Most agent projects fail on the architecture, not the model. An agent demo takes an afternoon. An agent you can put in front of customers, audit, and pay for at the end of the month takes architecture.
Teams obsess over which model to use, then ship a system with no guardrails, no traces, and no cost caps.
The common pattern: pick a model, wire it to your tools, demo it, then try to bolt on safety and observability after the first surprise bill.
The approach that works: name the seven layers first, choose one orchestration pattern, write the handoff contracts and guardrails up front, then trace and cap everything before real traffic.
Every production agent system has the same seven layers whether you named them or not: interface, orchestration, agents and tools.
The orchestration pattern is the first real decision and the one teams get wrong most.
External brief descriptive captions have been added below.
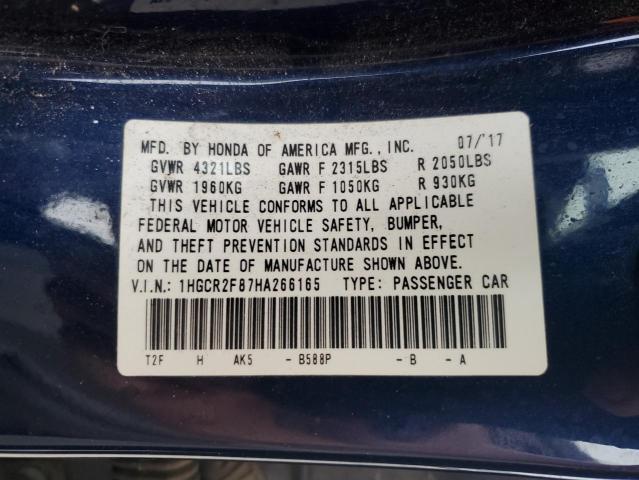 1HGCR2F87HA266165 - 2017 HONDA ACCORD EXL BLUE photo 12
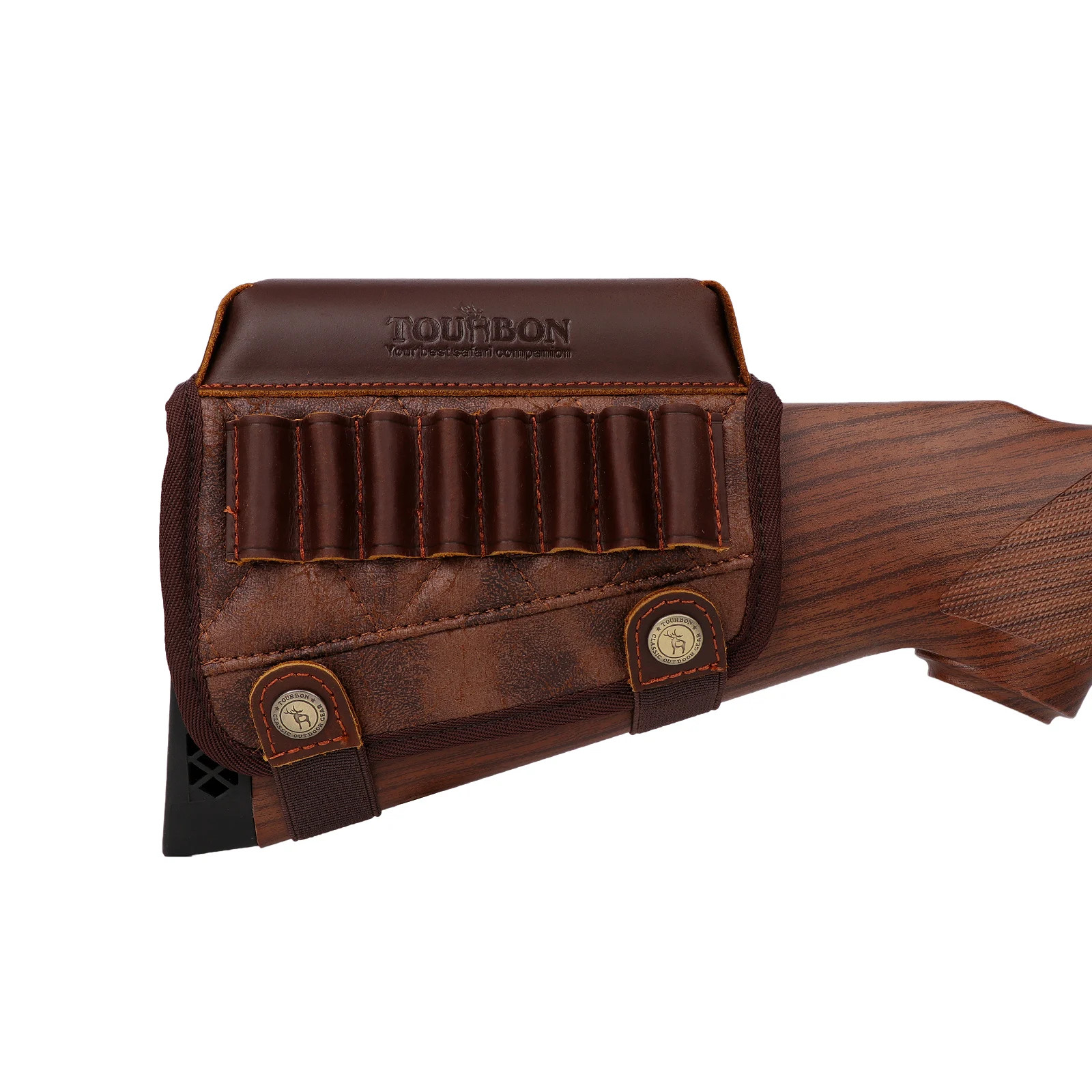 Tourbon Leather & PU Cheek Rest Riser Gun Buttstock with Rifle Cartridges 243 WI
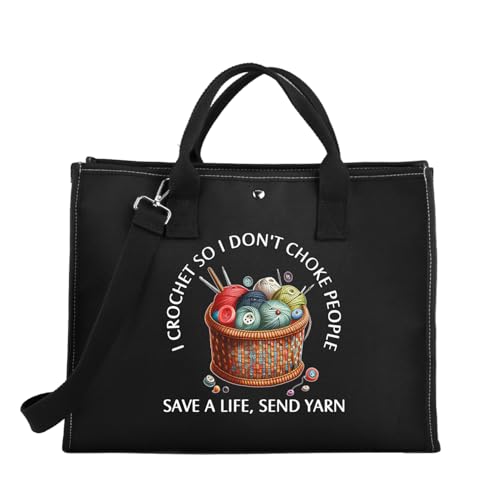 Sac fourre-tout crochet cadeau humoristique pour couturière et adepte du fait-main en coton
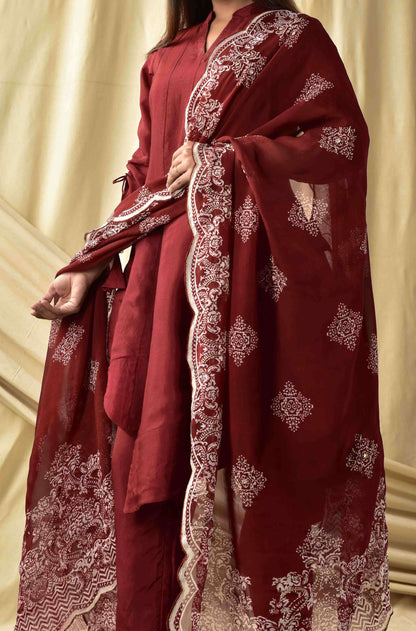 Maroon Heavy embroidered Dupatta
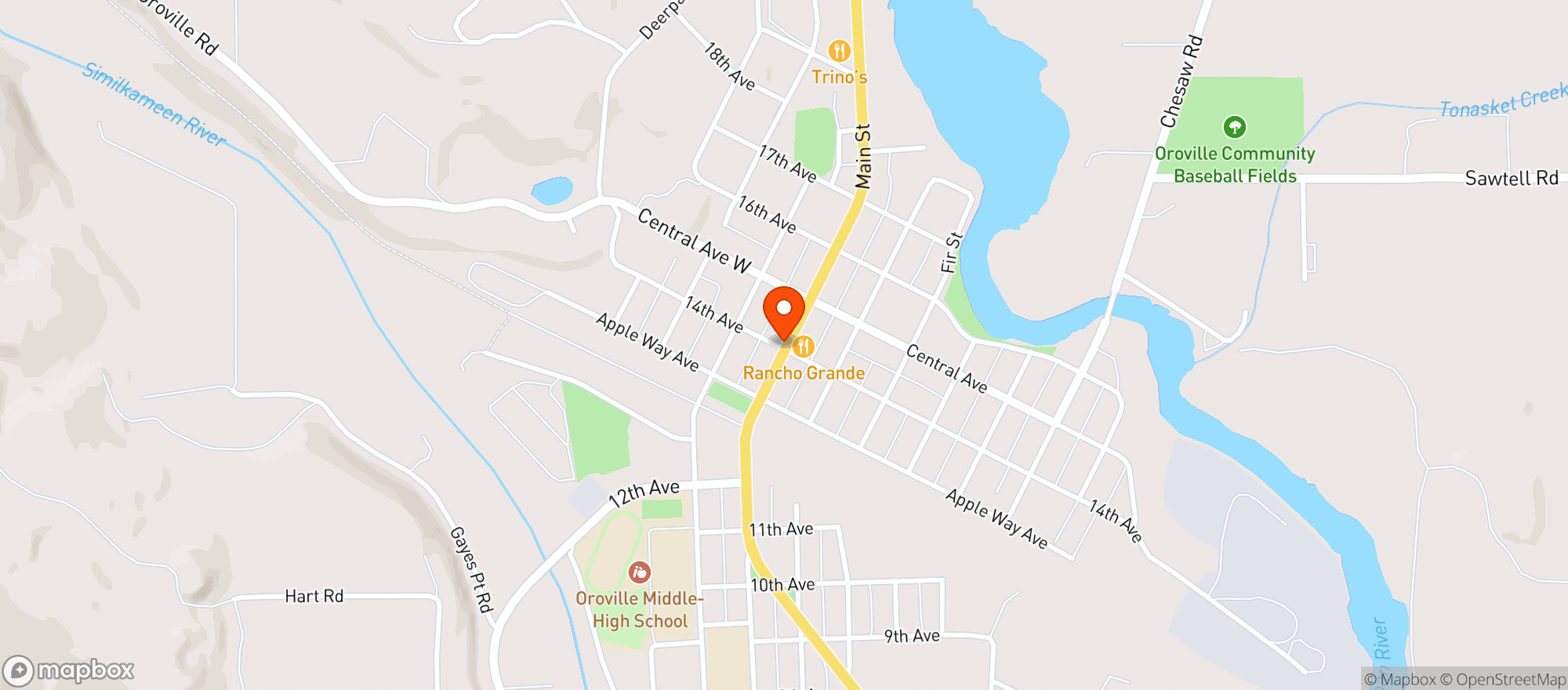 Map showing Lakeside Pharmacy - Oroville - Main St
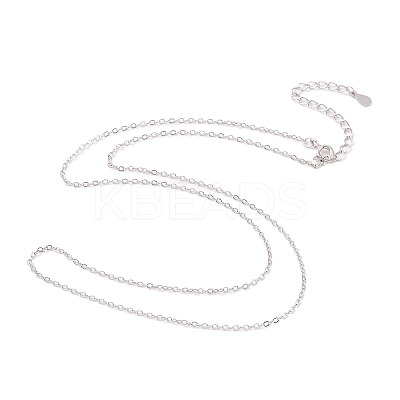 Anti-Tarnish Rhodium Plated 925 Sterling Silver Flat Cable Chain Necklace NJEW-A011-01C-P-1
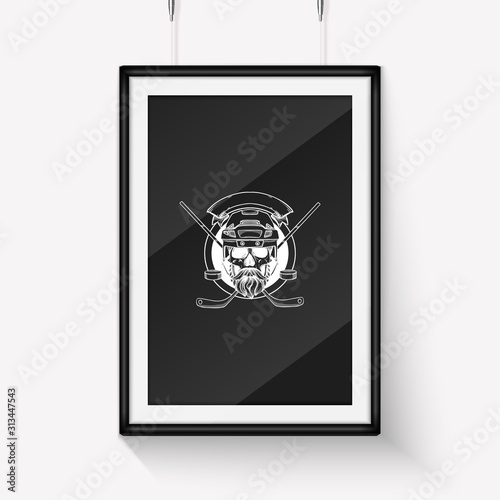 Sketch color skull with dark hockey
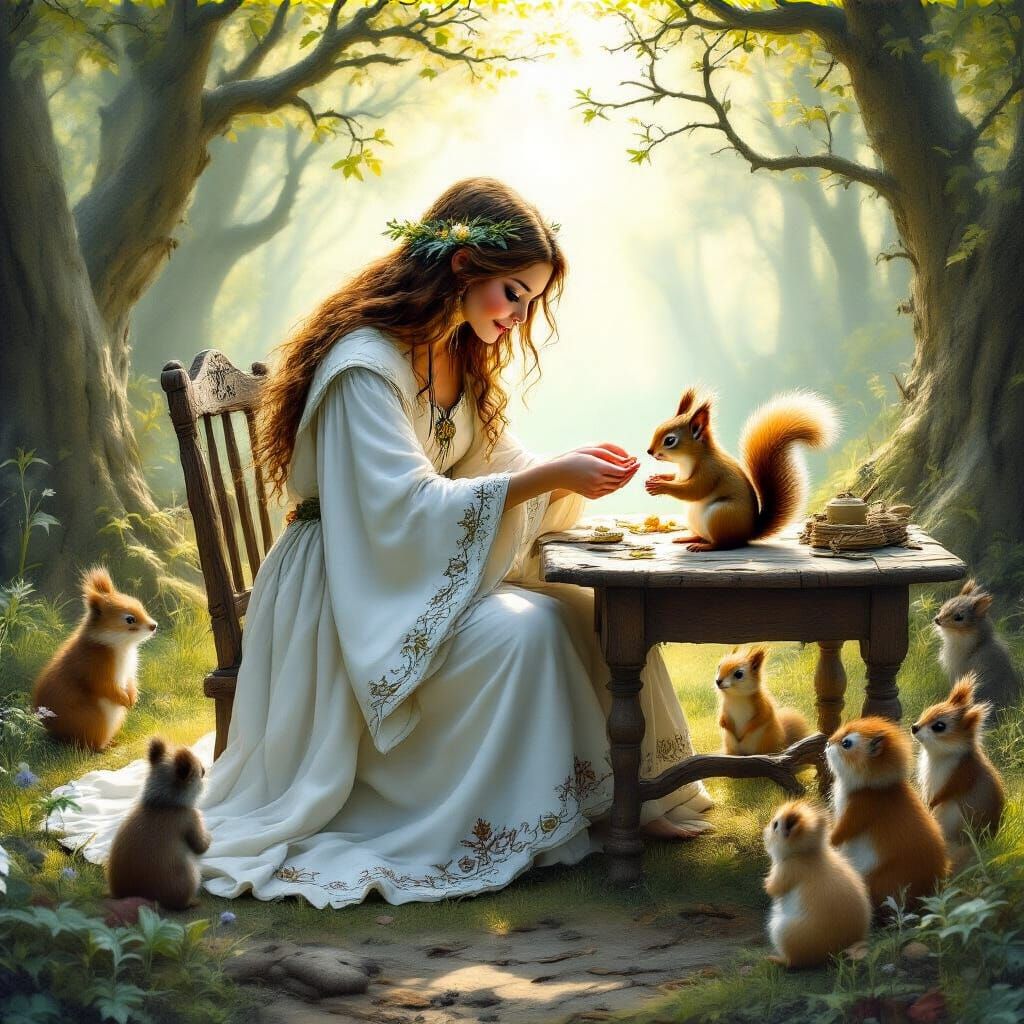Good Witch Healing Squirrel in Forest Clearing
Guardrails are not a feature you add at the end. They are the rules that decide whether this ships.
A map of every layer in a production agent system, top to bottom. Read it one way and it is the request path.
Supervisor, hierarchical, pipeline, and peer-to-peer, laid out side by side: how each works, when to use it, and what to watch out for.
Blank rows you complete for every agent: one goal, the tools it can call, the actions it is allowed, and the rule that makes it escalate.
The three places to put a guardrail, a fill-in table for where a human must approve, and a final checklist you run as a gate before you ship.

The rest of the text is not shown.